## [Provided data]
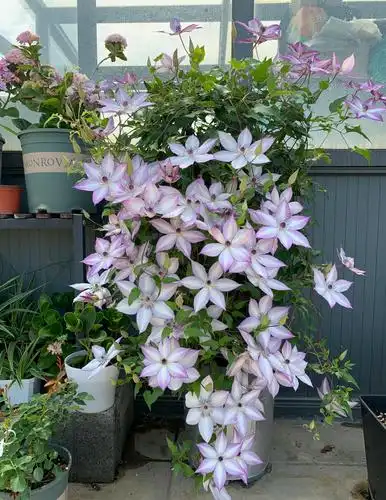 乌托邦能在阳台上养的铁线莲花量巨大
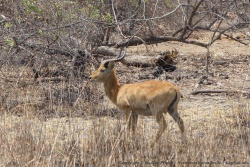 Ce coup-ci, on opterait bien pour un lechwe
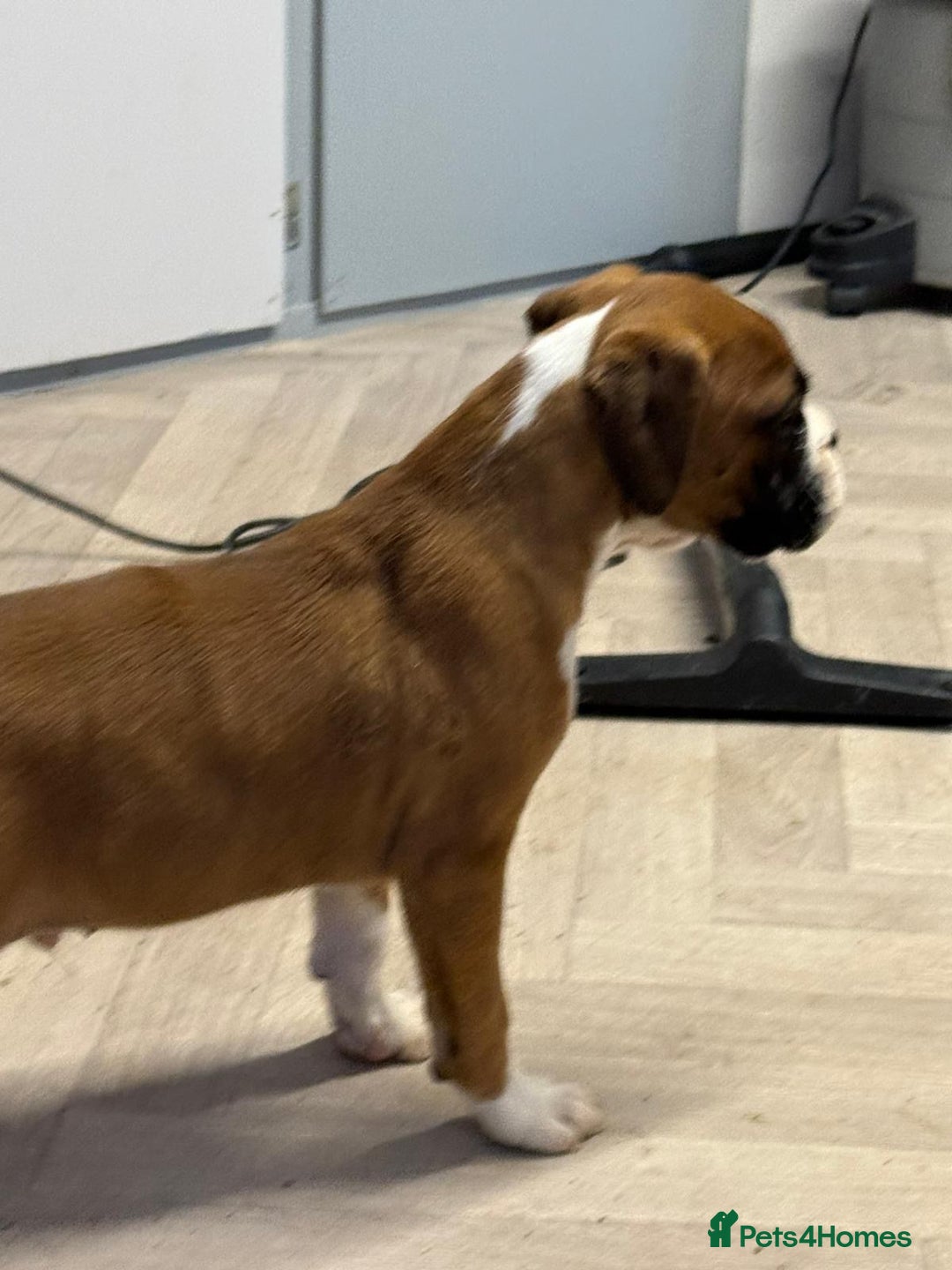 Boxer dogs for sale: Boxer male puppy - Image 6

## [Your instructions]
Reproduce every line of the material precisely, omitting its pictures.

## [Response]
 乌托邦能在阳台上养的铁线莲花量巨大
 Ce coup-ci, on opterait bien pour un lechwe
 Boxer dogs for sale: Boxer male puppy - Image 6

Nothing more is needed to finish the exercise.